Check each line of the data for "dining", and copy the ones that have it.

• [EXERCISE DATA]

····················

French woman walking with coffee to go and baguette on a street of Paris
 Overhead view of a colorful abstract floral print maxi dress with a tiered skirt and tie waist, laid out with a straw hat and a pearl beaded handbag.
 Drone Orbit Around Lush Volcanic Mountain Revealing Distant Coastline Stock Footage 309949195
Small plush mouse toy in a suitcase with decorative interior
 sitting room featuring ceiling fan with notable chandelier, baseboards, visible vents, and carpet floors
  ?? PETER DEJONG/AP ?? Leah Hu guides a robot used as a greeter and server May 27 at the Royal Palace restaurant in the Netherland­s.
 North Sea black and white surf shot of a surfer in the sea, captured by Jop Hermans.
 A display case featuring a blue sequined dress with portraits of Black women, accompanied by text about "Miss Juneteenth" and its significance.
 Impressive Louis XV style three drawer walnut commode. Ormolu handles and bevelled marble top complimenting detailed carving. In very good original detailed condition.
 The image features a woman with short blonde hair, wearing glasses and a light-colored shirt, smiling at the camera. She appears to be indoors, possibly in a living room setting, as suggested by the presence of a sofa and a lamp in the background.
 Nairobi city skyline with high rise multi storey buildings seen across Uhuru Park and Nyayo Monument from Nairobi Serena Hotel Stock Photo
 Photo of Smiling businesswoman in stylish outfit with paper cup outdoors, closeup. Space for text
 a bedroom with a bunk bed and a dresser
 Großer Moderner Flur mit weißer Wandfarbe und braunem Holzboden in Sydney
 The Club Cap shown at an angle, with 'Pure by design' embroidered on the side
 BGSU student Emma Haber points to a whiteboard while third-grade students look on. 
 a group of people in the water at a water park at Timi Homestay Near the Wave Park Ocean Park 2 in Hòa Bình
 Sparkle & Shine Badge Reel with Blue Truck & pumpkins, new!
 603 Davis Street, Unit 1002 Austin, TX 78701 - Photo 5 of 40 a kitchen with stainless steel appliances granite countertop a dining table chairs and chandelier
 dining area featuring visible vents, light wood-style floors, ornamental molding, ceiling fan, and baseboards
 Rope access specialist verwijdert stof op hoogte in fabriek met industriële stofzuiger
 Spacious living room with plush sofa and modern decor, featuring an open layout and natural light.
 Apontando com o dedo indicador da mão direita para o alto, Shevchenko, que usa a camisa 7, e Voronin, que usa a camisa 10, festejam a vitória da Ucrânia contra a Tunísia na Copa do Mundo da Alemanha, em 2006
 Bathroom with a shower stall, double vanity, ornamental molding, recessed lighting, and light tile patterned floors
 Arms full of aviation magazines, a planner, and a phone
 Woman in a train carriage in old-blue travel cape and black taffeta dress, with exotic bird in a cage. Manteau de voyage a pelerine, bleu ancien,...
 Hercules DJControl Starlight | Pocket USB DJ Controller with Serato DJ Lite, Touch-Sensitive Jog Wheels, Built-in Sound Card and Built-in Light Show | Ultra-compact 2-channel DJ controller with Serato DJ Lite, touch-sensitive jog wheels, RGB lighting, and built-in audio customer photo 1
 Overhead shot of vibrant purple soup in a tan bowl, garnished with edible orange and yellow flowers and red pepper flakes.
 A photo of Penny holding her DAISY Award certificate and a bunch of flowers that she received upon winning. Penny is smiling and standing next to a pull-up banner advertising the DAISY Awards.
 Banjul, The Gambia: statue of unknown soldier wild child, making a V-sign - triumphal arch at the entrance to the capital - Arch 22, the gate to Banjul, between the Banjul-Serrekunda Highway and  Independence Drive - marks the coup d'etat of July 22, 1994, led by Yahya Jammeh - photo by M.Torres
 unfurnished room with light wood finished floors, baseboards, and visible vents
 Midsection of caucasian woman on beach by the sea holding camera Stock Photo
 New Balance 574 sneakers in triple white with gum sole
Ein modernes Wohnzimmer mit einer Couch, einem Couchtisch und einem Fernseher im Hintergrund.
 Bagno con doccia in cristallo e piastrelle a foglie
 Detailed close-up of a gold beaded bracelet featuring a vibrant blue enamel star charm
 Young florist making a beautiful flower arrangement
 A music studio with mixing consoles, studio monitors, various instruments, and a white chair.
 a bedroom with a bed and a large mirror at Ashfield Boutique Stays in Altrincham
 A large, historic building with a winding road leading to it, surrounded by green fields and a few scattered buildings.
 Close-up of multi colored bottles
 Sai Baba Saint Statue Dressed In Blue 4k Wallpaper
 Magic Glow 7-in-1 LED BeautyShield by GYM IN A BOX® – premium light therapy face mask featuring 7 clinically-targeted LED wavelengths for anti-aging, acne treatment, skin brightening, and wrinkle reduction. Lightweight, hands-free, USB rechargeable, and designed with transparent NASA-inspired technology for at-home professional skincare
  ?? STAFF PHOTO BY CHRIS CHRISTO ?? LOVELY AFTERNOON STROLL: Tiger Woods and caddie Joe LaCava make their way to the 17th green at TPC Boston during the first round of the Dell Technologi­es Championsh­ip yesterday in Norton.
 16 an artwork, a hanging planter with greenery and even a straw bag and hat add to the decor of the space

····················

• [FINISHED TASK]
 603 Davis Street, Unit 1002 Austin, TX 78701 - Photo 5 of 40 a kitchen with stainless steel appliances granite countertop a dining table chairs and chandelier
 dining area featuring visible vents, light wood-style floors, ornamental molding, ceiling fan, and baseboards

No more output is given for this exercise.